Playing games, hiking gave me freedom
I still wake up with nightmares about school in the 1980s and it's usually to do with examinations. As a child I found it difficult to focus on schoolwork.
I knew then that what I wanted to learn lay outside the classroom so one refuge I found was the playground. I now know something else: I have an 18-month-old son and I don't need him to be intelligent and at the top of the class. We live in the New Territories and I want him to go to a neighbourhood school and if he wants to be a ballet dancer that's fine by me. Studying textbooks wasn't for me. I related more to images and people around me - and that made me hungry to learn when I later went out to work.
My family had a seafood restaurant in Lei Yue Mun on Kowloon side next to my primary school. What I liked about those times was hiking into the countryside behind the village and playing games. It's such a shame that kids living in the city can't do that.
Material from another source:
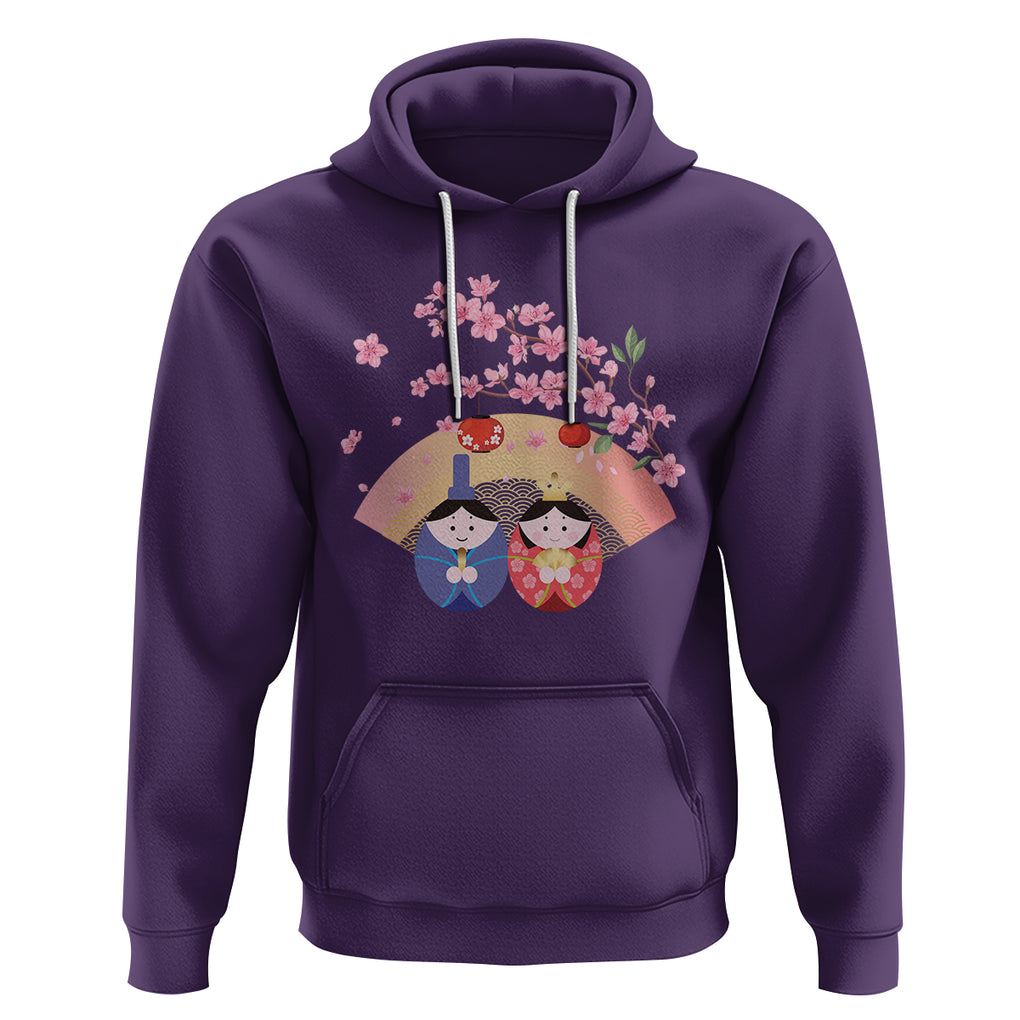 Hina Matsuri Hoodie Japanese Doll Festival Japan Girl's Day TS09 Purple Printyourwear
It gave me a sense of freedom and of being creative.
I was lucky that my family was comfortably off and being the youngest there was no pressure to do well. I went on to St John's Co-educational College, which later became the Delia School of Canada, in Taikoo Shing. I didn't enjoy it - the uniform was nice though I didn't want to wear it - but it was a chance to get involved in activities such as running though I can't say I was good at it.
I do remember one teacher called Mr Yip who taught English. He wasn't the least bit traditional, unlike many of his colleagues; I liked his open mind and found him inspirational.
I remember thinking that one day I wanted to be like him as he made me see the world as a panorama. It made me think that maybe I needed to make some western friends who might share the same outlook on life.
I left school after Form Seven and turned my hand to deejaying. The parents of a friend from Australia wanted to open a club in Hong Kong and were hiring DJs for the place they set up which was called Nova. I jumped at the chance. Those were good times for clubbing because the music scene was buzzing and the atmosphere was energetic and happy.
My poor old family, though, didn't even know what a DJ was. I'd researched the whole thing even down to the cabling. A lot of DJs know how to play music but don't know how to use the mixer properly while I can even fix it.
After deejaying for 20 years, I found that I was growing up and hungry for other things. Setting up the Pure Art Foundation has been about helping young people reach their potential. It's about giving them the courage to find their way.
It started with a friend asking me to help a young artist by lending them a space to work in. I'm finding it's about helping small projects and maybe giving small amounts of money to facilitate them.
We sponsored one movie and it was shown at the Berlin Film Festival and that thrilled me. That's what I get out of it. I think the world needs more light to make it bright. And if people need candles I don't mind being the candlestick maker.
I'm lucky my parents feel proud of me. I'm the youngest of more than half a dozen siblings so I didn't have a real position in my family. Mum and dad only got to know about what I did from seeing me on television. I'm sure to them I am just this girl who played loud music in my bedroom.